» **Task instructions**:
Transcribe word for word the lines below from the line with "Herr Dr Medic" through the line with "Villagio Luxury Apartments Villagio", ends included.

» **Material for the task**:
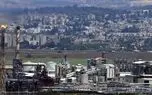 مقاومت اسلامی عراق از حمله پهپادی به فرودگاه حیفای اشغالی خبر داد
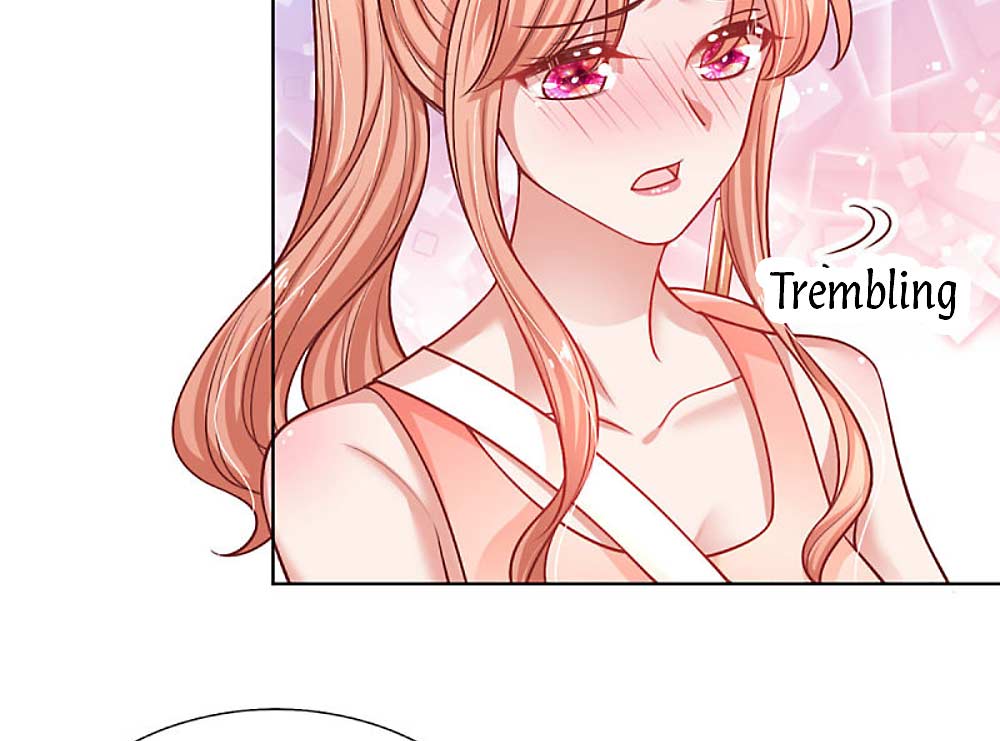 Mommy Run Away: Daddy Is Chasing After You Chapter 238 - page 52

...

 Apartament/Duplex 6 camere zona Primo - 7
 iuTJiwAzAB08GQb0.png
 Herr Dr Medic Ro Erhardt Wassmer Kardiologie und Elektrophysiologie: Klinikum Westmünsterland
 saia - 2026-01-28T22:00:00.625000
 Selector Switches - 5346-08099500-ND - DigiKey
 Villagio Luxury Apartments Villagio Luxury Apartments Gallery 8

» **Output of the exercise**:
 Herr Dr Medic Ro Erhardt Wassmer Kardiologie und Elektrophysiologie: Klinikum Westmünsterland
 saia - 2026-01-28T22:00:00.625000
 Selector Switches - 5346-08099500-ND - DigiKey
 Villagio Luxury Apartments Villagio Luxury Apartments Gallery 8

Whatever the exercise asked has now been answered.